I've ordered a 12 point socket. And I'm going to take a dremel grinding tool to the inside sharp edges of the 6 point socket to round them so they won't hang up but will slide. Won't affect the overall socket operation. More when I've tried that.

 

[jcdammeyer]

The newest problem. I've ground the inside edges of the impact socket. Since it's a 3/4" on a 19mm head (really 18.6mm) certainly loose enough to slip over easily when lined up. On another group it was suggested perhaps giving the wrench a blip to spin it as it's pushed down that the spinning socket would self register. It does. And the few times it might not as soon as the power cycle starts the wrench, now with bevelled head on bolt and inside socket has no trouble going down.

Not tight to lift off either but, as an impact socket, is heavy. And the air cylinder really moves up very fast and that results in the socket being left behind occasionally. Worse is if as it goes up it pulls halfway off the wrench while the wrench is still turning. Been hit in the chest and shoulder with a flying socket. Not a good thing.

A 3D printed guide/guard will help that. But it looks like I will need some sort of better retention on the socket. Not sure if the 3/8" drive is hardened. Suspect it is.

 

[jcdammeyer]

Just a quick update. Turns out the replacement registration pin I made for the wrench was too short. The finishing nail I trimmed looked like it protruded high enough above the gasket but I hadn't actually gotten it into the bottom hole deep inside the wrench.

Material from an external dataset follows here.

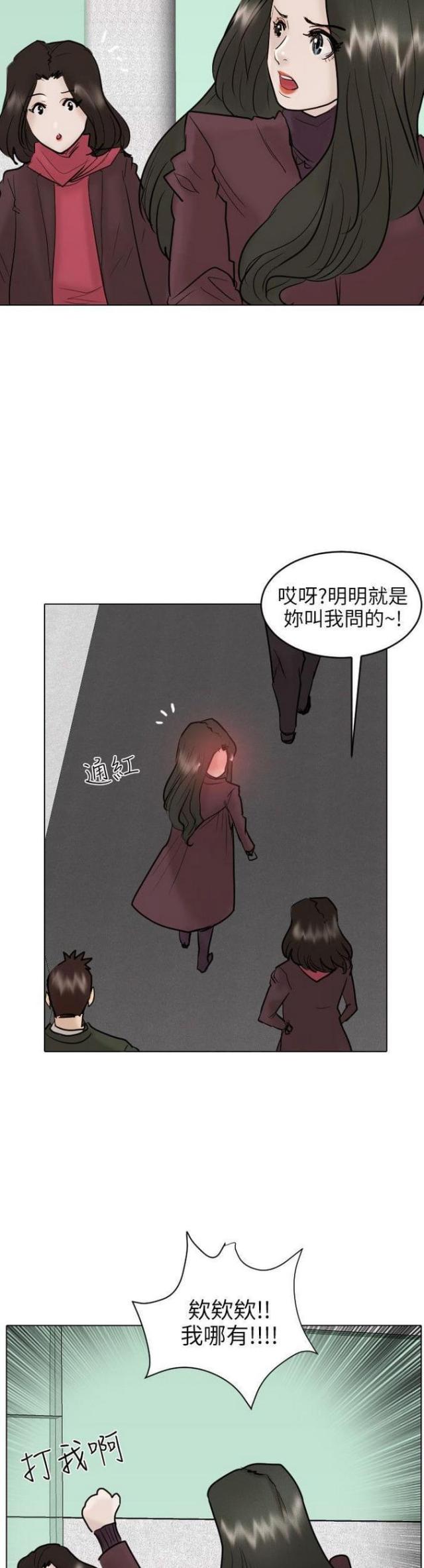 曹操贴身护卫漫画,第54话1图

So once the wrench was operated a few times the outer body, not held from turning by the pin, rotated enough to almost completely prevent CCW operation due to the blocked air passage. I kept adjusting software not realizing it was mechanical.

So I now have a new pin made from a 0.104" diameter 2.5" finishing nail turned down to the correct 0.084". The shorter nails were 0.071 and I didn't have a longer one that diameter. So I center drilled the big end, turned off the point end and center drilled that too. Then shaved it down on the little Unimat DB200.

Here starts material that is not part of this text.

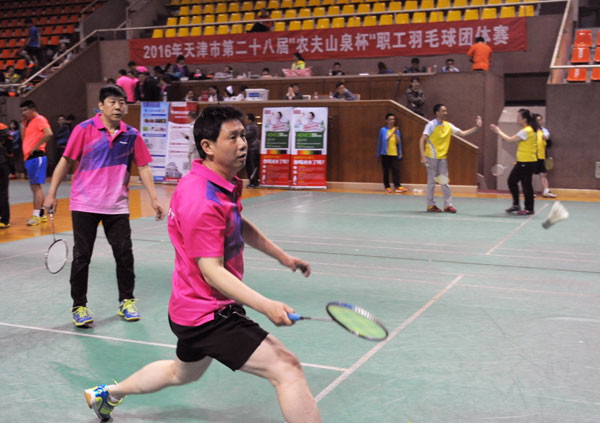 2016年天津市第二十八届职工羽毛球团体赛开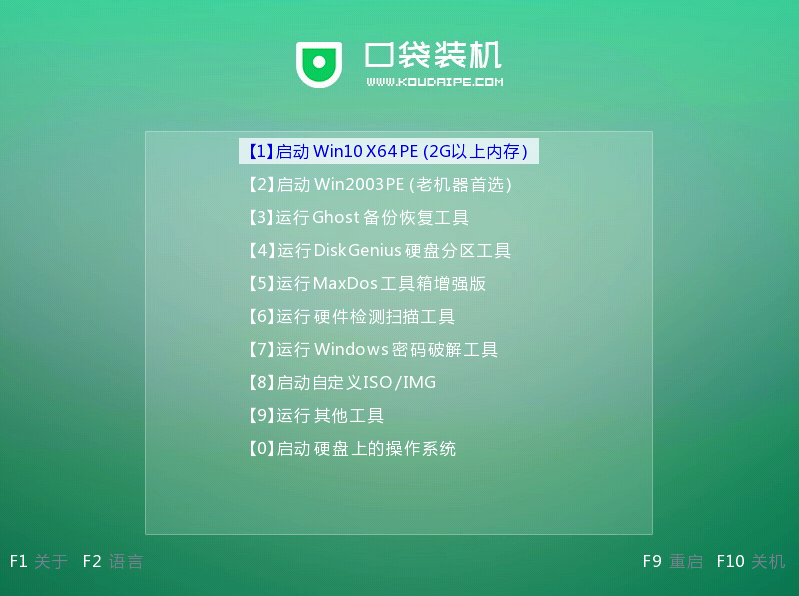 1629617702171825.png image.png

Now I have full power back in both directions. Everything is now on hold until KMS Tools delivers the 12 point deep socket. I drilled a relief in the side of the 3/8" drive. Ultimately I'll do as one of the other members and use locktite to prevent the socket from dropping but not enough to prevent that little bit of wiggle for guiding onto the nut.

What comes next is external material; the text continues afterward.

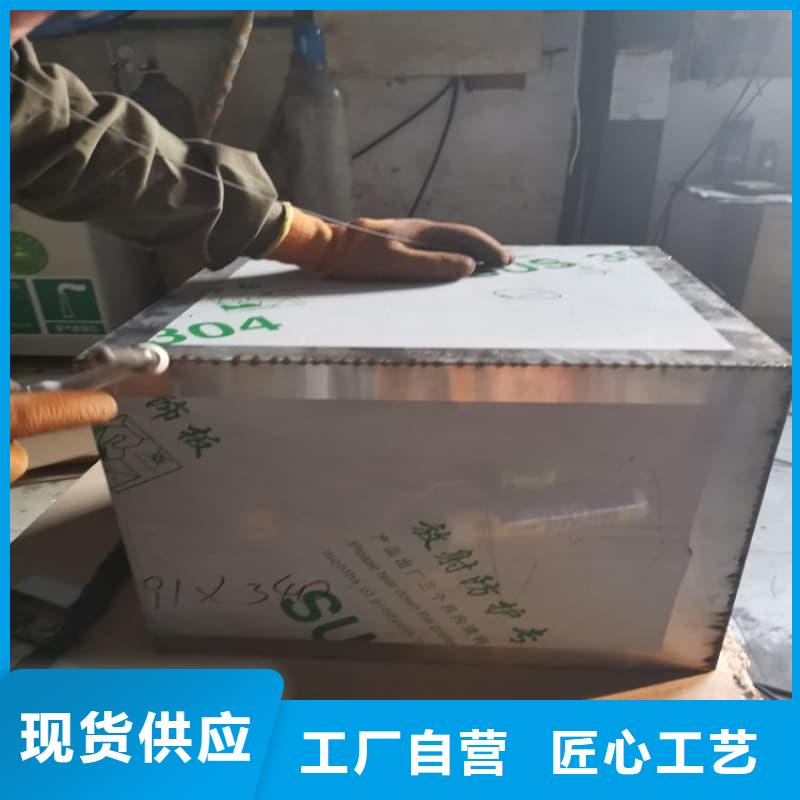 X光片专用铅箱百搜不如一问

Now the other issue was the socket spinning too fast once the draw bar was loose. This is a standard operation of air tools. So the guide plate demonstrates that a bit of resistance can slow it down along with PWM on the air valve. Ultimately I think I'll add a brake of sorts to keep it from spinning too fast.

And it looks like I will need a wrench down switch before I start turning. I've found it does too much spinning on the top of the bar mangling it a bit. The 12 point will help but it may not be enough because if the socket doesn't go down then the magnet on the socket isn't picked up by the hall effect sensor and so it tends to over spin the wrench and I get way more than 2 turns on the draw bar. Sometimes the R8 even drops out.

More when I have it.

 

[Susquatch]

Dumb question - seems you are going to a lot of trouble trying to get a socket to mate up with the drawbar head.

Why not leave it engaged permanently and just spin the drive with the drawbar?

Alternatively, spin the socket with the drawbar but install a clutch between the socket and the drive? In fact, eliminate the socket and nut entirely and just put a clutch in. ???

 

[jcdammeyer]

Not a dumb question at all.
The bushings in the impact wrench are designed to be oiled with the supplied air. As such spinning them without that oil might damage them. Then there's also the tangs inside the wrench that under light load may well click back and forth making noise.

A clutch such as this: DC Clutch might well work but the size is prohibitive without a total frame redesign.

Eliminating the socket would then also require a redesign of the end of the draw bar. At this point, aside from the redesign, there still needs to be a way to manually remove it if something fails with it tightly in place.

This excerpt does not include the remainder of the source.